La démocratie fragilisée
Donald Trump «fait campagne sans programme, en basant tout sur l’idée que s’il perd, c’est parce que les gens auront triché», rappelle Thomas Holbrook. Continuant de fragiliser un peu plus les institutions démocratiques, le chef d’Etat a renouvelé mardi soir ses attaques contre l’intégrité du scrutin de novembre. Joe Biden s’est engagé à «accepter» le résultat de l’élection, quel qu’il soit. Donald Trump, lui, a esquivé. Se bornant à affirmer sans preuves, comme il le fait depuis des semaines, que le vote par correspondance, qui s’annonce important en raison de la pandémie, favoriserait des «fraudes comme nous n’en avons jamais vu». Il a également avancé que les résultats de l’élection présidentielle pourraient ne pas être connus «avant des mois». Et concluant, comme une menace : «Ça va mal finir.» «Plus Donald Trump questionne l’intégrité des élections, plus les électeurs vont être inquiets, souligne Thomas Holbrook. Le problème de cette attitude, c’est que s’il perd, la confiance d’une partie des Américains envers l’élection sera encore plus érodée, même si ses accusations de fraudes massives ne sont tout simplement pas étayées par les faits.»
L’ombre des violences
Le président américain s’était déjà refusé, il y a quelques jours, à s’engager à une passation pacifique du pouvoir. Mardi soir, il n’a rien fait pour répondre aux inquiétudes liées à un potentiel chaos post-électoral, en cas d’attente de résultats pour cause de long décompte du vote par correspondance, ou de tentatives d’intimidation d’électeurs par ses partisans lors du scrutin. Interrogé sur sa volonté «d’appeler ses supporteurs au calme», et «d’attendre que tous les bulletins de vote soient comptés avant de déclarer victoire», Trump a répondu qu’il «encourage [ait] [s] es supporteurs à se rendre dans les bureaux de vote et à surveiller [le scrutin] très attentivement». Et qu’il ne pourrait rester les bras croisés, s’il voyait «des dizaines de milliers de bulletins manipulés». Il a refusé de condamner les milices d’extrême droite et autres groupes d’autodéfense armés, très visibles ces derniers mois en marge de manifestations antiracistes, ainsi que les partisans de la suprématie blanche, pourtant considérés par le FBI comme une menace à la sécurité nationale.
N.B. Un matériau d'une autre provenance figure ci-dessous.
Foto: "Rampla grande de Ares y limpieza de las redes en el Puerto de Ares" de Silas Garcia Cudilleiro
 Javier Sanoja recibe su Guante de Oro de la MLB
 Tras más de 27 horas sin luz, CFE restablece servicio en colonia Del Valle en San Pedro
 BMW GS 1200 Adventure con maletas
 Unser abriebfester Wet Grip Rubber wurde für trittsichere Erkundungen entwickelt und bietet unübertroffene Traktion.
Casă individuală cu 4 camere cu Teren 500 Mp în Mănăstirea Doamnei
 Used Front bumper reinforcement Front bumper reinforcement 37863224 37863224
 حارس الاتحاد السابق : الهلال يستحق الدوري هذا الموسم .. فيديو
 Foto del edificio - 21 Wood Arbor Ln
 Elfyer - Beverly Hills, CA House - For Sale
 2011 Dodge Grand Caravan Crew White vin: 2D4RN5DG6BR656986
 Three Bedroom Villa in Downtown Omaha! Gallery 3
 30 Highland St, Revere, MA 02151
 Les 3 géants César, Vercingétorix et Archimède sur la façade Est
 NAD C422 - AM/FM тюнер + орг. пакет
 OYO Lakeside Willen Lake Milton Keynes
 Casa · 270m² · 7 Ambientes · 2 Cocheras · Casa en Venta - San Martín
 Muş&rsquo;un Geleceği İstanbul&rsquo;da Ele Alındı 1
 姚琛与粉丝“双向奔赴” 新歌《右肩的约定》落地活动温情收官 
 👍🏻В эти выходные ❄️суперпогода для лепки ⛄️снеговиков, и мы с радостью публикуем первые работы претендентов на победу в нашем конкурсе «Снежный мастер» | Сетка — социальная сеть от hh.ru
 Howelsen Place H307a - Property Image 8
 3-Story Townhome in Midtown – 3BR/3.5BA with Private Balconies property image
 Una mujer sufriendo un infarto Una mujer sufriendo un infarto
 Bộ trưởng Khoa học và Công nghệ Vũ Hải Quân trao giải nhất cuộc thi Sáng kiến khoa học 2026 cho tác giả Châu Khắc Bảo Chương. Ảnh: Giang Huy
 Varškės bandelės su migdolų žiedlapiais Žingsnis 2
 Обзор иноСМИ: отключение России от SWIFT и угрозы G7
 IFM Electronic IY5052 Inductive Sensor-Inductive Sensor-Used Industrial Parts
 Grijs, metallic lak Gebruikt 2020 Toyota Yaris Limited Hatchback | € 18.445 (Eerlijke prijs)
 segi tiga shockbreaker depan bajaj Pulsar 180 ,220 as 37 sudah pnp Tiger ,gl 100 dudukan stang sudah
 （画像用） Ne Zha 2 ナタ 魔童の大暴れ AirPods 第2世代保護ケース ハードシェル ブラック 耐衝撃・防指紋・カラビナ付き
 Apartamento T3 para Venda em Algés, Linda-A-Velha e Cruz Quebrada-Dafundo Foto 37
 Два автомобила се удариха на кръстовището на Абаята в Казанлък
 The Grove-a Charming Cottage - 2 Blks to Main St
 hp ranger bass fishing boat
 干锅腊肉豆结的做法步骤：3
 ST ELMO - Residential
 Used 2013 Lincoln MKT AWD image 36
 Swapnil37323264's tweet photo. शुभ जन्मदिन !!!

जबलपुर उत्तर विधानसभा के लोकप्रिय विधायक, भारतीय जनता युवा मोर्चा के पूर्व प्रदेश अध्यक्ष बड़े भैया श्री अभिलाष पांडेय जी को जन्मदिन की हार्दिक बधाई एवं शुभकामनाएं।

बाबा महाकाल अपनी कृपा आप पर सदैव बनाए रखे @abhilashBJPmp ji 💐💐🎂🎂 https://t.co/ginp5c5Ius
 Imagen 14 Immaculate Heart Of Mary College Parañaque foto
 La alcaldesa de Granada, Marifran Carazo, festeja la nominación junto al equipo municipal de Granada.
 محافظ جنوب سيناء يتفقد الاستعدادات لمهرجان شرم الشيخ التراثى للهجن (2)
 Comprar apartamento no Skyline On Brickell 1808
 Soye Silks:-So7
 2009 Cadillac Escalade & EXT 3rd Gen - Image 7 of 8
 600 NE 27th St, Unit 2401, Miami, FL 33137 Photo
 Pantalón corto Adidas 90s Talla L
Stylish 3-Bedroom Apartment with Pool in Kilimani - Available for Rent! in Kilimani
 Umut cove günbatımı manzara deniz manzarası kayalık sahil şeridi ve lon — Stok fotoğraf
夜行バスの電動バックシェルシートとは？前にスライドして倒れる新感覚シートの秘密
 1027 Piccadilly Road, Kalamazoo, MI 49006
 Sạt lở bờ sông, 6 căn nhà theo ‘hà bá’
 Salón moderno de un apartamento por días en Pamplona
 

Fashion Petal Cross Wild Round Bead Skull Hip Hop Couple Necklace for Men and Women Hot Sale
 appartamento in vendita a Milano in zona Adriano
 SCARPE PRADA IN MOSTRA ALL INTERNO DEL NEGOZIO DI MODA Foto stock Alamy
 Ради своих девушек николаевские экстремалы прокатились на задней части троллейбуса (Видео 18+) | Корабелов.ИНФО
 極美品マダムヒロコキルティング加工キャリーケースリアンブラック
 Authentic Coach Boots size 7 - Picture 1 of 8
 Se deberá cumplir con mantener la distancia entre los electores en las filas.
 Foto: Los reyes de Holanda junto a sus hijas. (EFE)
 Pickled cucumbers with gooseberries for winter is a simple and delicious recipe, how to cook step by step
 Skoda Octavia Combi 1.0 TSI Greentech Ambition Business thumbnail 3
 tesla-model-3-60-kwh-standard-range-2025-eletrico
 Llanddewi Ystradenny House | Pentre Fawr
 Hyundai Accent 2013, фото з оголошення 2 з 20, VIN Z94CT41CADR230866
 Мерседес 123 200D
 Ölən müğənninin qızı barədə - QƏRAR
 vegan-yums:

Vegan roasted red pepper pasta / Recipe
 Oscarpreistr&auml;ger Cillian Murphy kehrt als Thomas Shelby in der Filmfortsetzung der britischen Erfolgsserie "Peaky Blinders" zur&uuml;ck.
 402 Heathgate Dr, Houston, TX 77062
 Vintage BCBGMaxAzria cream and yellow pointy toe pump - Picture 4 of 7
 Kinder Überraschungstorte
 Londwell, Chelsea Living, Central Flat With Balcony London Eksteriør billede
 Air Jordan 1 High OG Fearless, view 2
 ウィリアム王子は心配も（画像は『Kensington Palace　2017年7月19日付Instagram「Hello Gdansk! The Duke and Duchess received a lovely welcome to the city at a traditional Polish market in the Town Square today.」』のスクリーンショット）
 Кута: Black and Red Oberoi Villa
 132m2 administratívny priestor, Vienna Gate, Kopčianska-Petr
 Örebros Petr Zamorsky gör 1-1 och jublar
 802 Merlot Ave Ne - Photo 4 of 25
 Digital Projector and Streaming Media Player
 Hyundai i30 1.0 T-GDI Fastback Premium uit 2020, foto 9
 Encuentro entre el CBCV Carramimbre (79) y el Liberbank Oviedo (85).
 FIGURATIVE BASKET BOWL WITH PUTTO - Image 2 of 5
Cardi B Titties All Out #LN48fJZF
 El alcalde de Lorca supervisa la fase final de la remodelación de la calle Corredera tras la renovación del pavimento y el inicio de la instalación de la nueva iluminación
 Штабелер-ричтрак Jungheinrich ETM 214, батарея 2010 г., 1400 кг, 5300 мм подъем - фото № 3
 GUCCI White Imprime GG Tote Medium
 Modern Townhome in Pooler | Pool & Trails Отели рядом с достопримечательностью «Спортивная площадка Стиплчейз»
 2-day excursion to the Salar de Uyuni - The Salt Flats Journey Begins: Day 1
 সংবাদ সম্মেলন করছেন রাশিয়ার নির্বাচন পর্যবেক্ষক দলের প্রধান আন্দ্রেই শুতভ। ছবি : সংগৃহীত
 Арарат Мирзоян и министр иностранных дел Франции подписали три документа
Les confrontations entre manifestants antiracistes et groupuscules d’autodéfense ont fait des morts des deux côtés il y a un mois, à Portland dans l’Oregon et Kenosha dans le Wisconsin. Le président américain s’est même adressé aux Proud Boys, une organisation néofasciste, masculiniste et pro-Trump née en 2016, considérée comme un «groupe haineux» par le Southern Poverty Law Center. Loin d’un appel au calme, c’est un appel aux armes qu’a lancé Donald Trump, devant des dizaines de millions de téléspectateurs : «Proud Boys, tenez-vous en retrait et tenez-vous prêts ! Je vais vous dire moi : quelque chose doit être fait contre les antifas et la gauche», a-t-il justifié. Les Proud Boys, qui se présentent comme «antipolitiquement correct» et «anticulpabilité blanche», avec une rhétorique misogyne et antimusulmans, ont célébré sur leurs forums les propos du Président, perçus comme une approbation tacite de leur stratégie violente. Et se sont félicités, selon des messages postés sur Telegram et cités par le New York Times, d’avoir vu un pic de «nouvelles recrues».